7,3 25 tys. ocen
7,3 10 1 24713
5,8 36 krytyków
Dom dobry
powrót do forum filmu Dom dobry

Nic w tym nowego, w otoczce "wielkiego kina" i "wielkiego przesłania" dostajemy dość ciężki film pokazujący przewidywalną historię i sytuacje, o których wie i które zna gdzieś z życia każdy w miarę rozgarnięty człowiek. Zachwyty mocno przesadzone

poskett

Właśnie w tym tkwi problem – że „wszyscy to znają”, tylko że ta „znajomość” kończy się zwykle na wzruszeniu ramion. Wiedzieć o przemocy to jedno, zobaczyć ją w pełnej bezsilności, w brudzie i milczeniu – to coś zupełnie innego.

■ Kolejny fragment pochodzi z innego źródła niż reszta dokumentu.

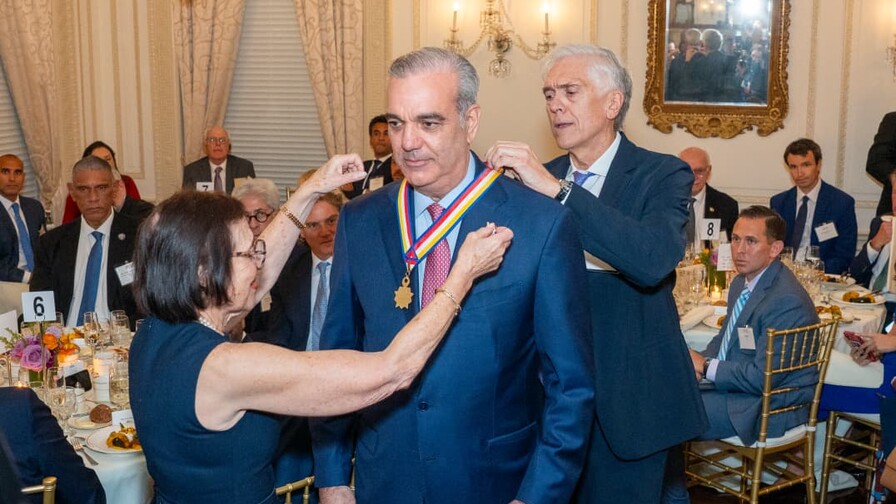 Américas Society distingue a Abinader por gestión económica e institucional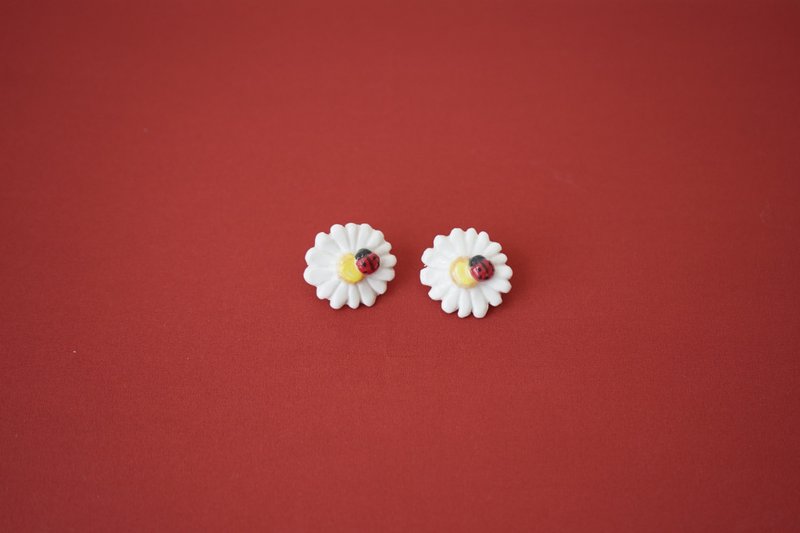 Feverfew Beetle Ceramic Earrings - ต่างหู - เครื่องลายคราม หลากหลายสี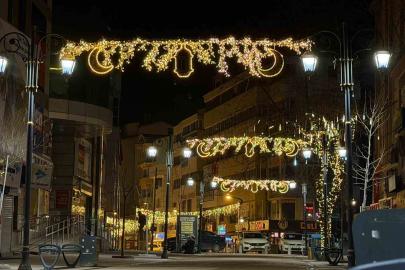 Karabük’te ışıklandırmalarla Ramazan heyecanı başladı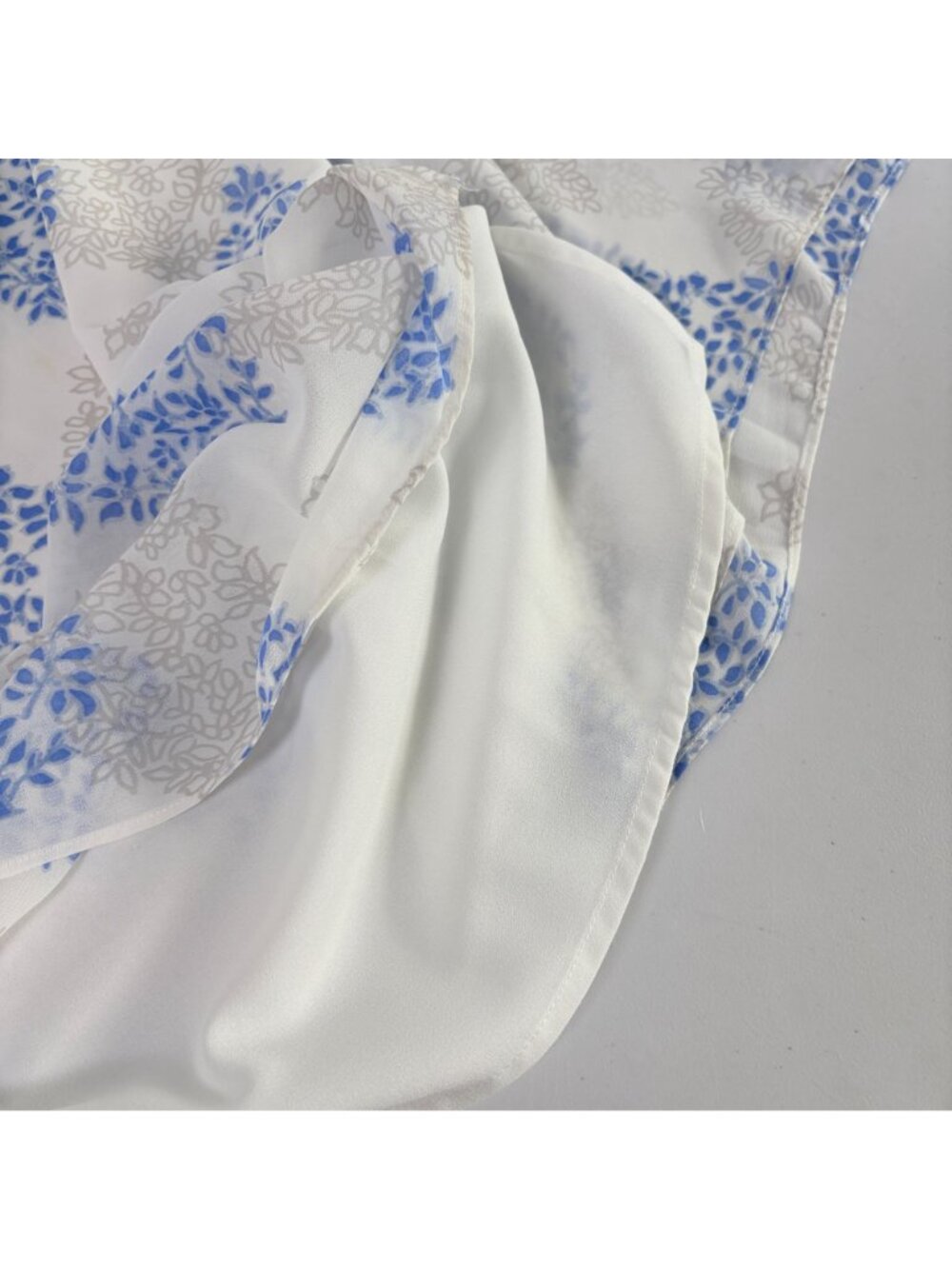 Belle Kim Gravel Floral Medallion Blouse Size L Blue Gray Embroidered A374452 - Picture 12 of 13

Smarzowski nie pokazuje nic „nowego”, bo nie musi. On pokazuje to, co realne, bez pudru i bez usprawiedliwień. Zachwyty nie nie są nad formą czy artystycznym sznytem tylko nad odwagą w pokazaniu tematu takim, jaki on naprawdę jest – bez łagodzenia, bez równoważenia, bez udawania, że „wszyscy są tak samo winni”.
Ta rzeczywistość jest dokładnie tak brutalna, jak ją pokazał reżyser. I może właśnie dlatego ten film boli. Bo jeśli historia o przemocy wydaje się „przewidywalna”, to nie z powodu banału – tylko dlatego, że ta przemoc wciąż jest codziennością. A my już dawno przyzwyczailiśmy się odwracać wzrok.

ocenił(a) film na 5
Spedka

Tu oczywiście każdy może mieć swoje zdanie. Ja po prostu sporo podobnych filmów już widziałem, mówi się o tym więcej niż kiedyś a problem nie maleje tylko wzrasta. Psychol jak zobaczy film to myślisz że to nim wstrząśnie? Wręcz odwrotnie. Żyjemy w dziwnych czasach. Moje zdanie jest takie że każdy jest kowalem własnego losu. Ktoś nas źle traktuje to do widzenia i się odchodzi. jak w domu obok jest awantura czy toksyczna atmosfera to niech ta ofiara odejdzie od partnera. Są tysiące możliwości, pomocy, instytucji etc. A jeżeli nie odchodzi to widocznie jej czy jemu to pasuje, więc co?Sąsiedzi mają się wtrącać żeby potem jak się tamci pogodzą być tymi złymi? Można zwrócić uwagę czy policję wezwać jak się drą po nocy i tyle.

poskett

Nie, nikomu to nie pasuje i nie powinno się tak myśleć. Ludzie, którzy sami nie tkwili w tym bagnie, nigdy nie zrozumieją, jak bardzo trudno z niego wyjść. Ofiary nie wpadają do tego szamba z dnia na dzień, bo gdyby tak było, to nie byłoby tego typu historii.
Przemocowiec długo urabia swoją ofiarę na różne sposoby, co można porównać z praniem mózgu. Uzależni ją od siebie nie tylko finansowo, ale przede wszystkim emocjonalnie Obniży tak jej pewność siebie, że ta nie pozna siebie w lustrze. Ofiara przemocy wcale nie uważa, że jest kowalem swojego losu. Jest jak zaszczuta i nieporadna zwierzyna, która stale obcuje z swoim żywicielem, który ją jednocześnie ciągle kąsa. Taka osoba musi sobie radzić w tym wrogim dla siebie środowisku, bo myśli, że nikt nie pomoże albo się po prostu cholernie boi. Żaden film nie zobrazuje tak dobrze przemoc domową, bo jest na to za krótki.
Ten proces przekształcenia pewną siebie osobę w nieporadną ofiarę jest długi i czasami ciągnie się latami. Trochę lepiej rozjaśnia sytuację książka Hołuba, którą polecam.

ocenił(a) film na 7
Rini

A czy pewna siebie osoba wejdzie w związek z kimś kto się późniejokaże przemocowcem? A jeśli wejdzie to czy potem nie ucieknie od niego przy pierwszej lepszej okazji? Jak ktoś jest słaby to zostanie, nawet w tym filmie dziewczyna dostawała wiele znaków jaki on jest jeszcze przed ślubem.